The task: Your job with the data below: print everything from the line that holds "流水編號W37字頭 原廠包鑲鑽面 錶頭直徑:26mm" down to the line that holds "e 2 vagasLavanderia", ends included, exactly, and nothing else.

Input data:
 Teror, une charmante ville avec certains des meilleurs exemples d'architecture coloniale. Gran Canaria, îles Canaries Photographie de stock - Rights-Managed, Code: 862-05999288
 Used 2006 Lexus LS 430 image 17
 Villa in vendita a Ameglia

==

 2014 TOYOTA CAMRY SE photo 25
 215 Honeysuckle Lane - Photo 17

* * *

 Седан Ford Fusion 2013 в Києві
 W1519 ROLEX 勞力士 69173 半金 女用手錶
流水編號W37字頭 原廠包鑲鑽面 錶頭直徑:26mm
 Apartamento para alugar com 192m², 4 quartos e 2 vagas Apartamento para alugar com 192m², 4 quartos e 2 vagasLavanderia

Written response:
流水編號W37字頭 原廠包鑲鑽面 錶頭直徑:26mm
 Apartamento para alugar com 192m², 4 quartos e 2 vagas Apartamento para alugar com 192m², 4 quartos e 2 vagasLavanderia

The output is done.